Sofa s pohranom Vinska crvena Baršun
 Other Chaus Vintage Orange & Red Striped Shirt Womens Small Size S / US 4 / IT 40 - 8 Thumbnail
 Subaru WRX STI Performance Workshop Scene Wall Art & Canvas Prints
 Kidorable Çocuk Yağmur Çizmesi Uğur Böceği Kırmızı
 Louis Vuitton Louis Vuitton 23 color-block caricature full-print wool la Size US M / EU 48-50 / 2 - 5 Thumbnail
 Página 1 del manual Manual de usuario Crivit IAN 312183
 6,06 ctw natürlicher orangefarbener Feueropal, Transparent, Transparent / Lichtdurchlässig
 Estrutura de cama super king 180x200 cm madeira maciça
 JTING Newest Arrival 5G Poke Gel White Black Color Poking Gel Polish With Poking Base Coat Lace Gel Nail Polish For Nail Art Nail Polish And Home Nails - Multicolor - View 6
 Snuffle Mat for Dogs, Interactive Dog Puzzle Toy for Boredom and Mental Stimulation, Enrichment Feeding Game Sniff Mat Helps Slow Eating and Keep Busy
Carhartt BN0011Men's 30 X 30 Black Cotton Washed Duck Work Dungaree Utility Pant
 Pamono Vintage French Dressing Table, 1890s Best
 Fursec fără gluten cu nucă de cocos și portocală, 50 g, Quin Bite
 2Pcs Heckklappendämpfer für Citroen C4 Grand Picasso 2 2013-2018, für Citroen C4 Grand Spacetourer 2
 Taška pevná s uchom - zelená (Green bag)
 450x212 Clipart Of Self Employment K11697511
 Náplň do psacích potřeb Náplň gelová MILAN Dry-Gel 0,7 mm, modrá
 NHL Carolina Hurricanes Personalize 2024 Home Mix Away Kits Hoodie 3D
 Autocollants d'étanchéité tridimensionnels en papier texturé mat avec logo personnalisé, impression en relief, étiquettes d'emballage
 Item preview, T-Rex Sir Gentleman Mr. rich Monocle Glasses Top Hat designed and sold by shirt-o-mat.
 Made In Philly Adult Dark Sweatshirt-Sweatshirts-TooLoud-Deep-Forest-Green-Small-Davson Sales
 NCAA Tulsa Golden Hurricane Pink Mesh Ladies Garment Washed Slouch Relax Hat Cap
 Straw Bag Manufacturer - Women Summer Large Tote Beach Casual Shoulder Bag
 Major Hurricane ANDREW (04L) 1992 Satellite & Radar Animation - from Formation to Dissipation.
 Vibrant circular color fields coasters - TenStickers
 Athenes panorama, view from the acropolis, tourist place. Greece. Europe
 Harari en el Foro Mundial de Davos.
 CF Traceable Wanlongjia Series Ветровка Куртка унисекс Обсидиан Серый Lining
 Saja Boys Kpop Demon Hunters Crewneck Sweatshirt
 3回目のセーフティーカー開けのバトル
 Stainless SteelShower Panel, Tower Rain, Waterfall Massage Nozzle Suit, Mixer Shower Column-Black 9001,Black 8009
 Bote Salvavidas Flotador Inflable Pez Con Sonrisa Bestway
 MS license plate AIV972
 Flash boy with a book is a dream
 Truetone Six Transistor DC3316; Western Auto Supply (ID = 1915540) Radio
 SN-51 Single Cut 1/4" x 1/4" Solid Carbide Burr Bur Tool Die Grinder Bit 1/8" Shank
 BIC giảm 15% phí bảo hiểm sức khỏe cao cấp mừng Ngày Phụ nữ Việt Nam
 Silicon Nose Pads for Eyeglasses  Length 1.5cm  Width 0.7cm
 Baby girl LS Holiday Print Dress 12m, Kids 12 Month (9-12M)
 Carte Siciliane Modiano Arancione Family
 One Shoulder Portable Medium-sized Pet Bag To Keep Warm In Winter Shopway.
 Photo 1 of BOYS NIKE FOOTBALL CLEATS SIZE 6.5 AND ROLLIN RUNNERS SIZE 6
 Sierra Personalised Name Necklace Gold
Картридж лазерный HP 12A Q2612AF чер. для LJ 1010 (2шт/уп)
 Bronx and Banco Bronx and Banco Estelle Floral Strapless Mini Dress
# # # # #
Using the entries above, give again exactly the lines from the line holding "MS license plate AIV972" through the line holding "One Shoulder Portable". Include both end lines and nothing else.

 MS license plate AIV972
 Flash boy with a book is a dream
 Truetone Six Transistor DC3316; Western Auto Supply (ID = 1915540) Radio
 SN-51 Single Cut 1/4" x 1/4" Solid Carbide Burr Bur Tool Die Grinder Bit 1/8" Shank
 BIC giảm 15% phí bảo hiểm sức khỏe cao cấp mừng Ngày Phụ nữ Việt Nam
 Silicon Nose Pads for Eyeglasses  Length 1.5cm  Width 0.7cm
 Baby girl LS Holiday Print Dress 12m, Kids 12 Month (9-12M)
 Carte Siciliane Modiano Arancione Family
 One Shoulder Portable Medium-sized Pet Bag To Keep Warm In Winter Shopway.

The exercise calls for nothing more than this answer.